Soon lots of videos were being used to shame people online. Many of these people suffer death threats, lose their job and need to move house, or leave the country. The contestation of Trans Rights has shown the women and feminists are not immune to their own methods of shaming and harassment. The consequence can be severe. Professors such as the philosopher Kathleen Stock have been forced out of her position because of her views. While students can be thrown out of university for something they said as a teenager. It is not surprising that younger generations are drinking less. However, if you are doing the shaming, you gain a lot of popularity online. You can prove beyond doubt that you, at least, are not a racist or a sexist. This is a big deal for younger people today, they want to be on the right side- they need to be on the right side.
Everything took a more sinister turn when social media platforms started to offer people complete anonymity online. Some platforms refuse as a policy to share any information with nation states or private corporations. These platforms are ideal for terrorists, paedophiles, drug dealers, and political activists to organise themselves online. Telegram is also being used now by Ukrainian soldiers because Russia cannot access the group chats. Extinction Rebellion use it to organise illegal protests in the UK. The problem is that when people are anonymous, their actions are totally unaccountable. Even the group members cannot hold the group leaders to account. Still the group members are willing to follow the instructions of the group administrators.

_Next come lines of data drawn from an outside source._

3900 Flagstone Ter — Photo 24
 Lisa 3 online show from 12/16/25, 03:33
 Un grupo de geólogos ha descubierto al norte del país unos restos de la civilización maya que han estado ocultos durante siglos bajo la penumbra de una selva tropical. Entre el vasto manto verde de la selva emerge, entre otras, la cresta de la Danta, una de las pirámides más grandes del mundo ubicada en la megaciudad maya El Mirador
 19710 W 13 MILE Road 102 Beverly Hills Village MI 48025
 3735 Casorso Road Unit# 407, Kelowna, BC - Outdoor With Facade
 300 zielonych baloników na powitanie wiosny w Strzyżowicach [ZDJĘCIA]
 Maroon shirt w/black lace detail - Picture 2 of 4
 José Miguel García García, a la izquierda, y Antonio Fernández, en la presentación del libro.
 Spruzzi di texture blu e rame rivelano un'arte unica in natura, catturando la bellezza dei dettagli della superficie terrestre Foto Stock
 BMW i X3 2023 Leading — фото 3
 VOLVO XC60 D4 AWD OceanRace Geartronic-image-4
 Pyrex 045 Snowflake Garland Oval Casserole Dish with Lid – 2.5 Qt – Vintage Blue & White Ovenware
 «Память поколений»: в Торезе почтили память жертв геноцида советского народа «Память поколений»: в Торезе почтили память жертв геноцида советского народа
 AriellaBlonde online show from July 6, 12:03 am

Soon, small groups of activists decide not to wait for wrongs to be caught on camera. Rather than wait for that unlikely event, they harass and abuse the target to provoke a reaction. A mobile phone or voice recorder is always on the ready. The reactions can be posted online as the reason why the group started the abuse in the first place, when in reality it is the effect of years of abuse. This tactic may have begun haphazard at first, with people provoking any sort of violent outbursts, but it soon became guided by research and perfected in practice. Research in social psychology reveals how certain groups suffer in particular ways in society, this research can be weaponized to turn the table against the dominant group in society- heterosexual white men who are generally thought responsible for the harm done to others. The research in feminism that reveals the different types of abuse women suffer at the hands of men can also double as a repertoire of abuses to turn against men.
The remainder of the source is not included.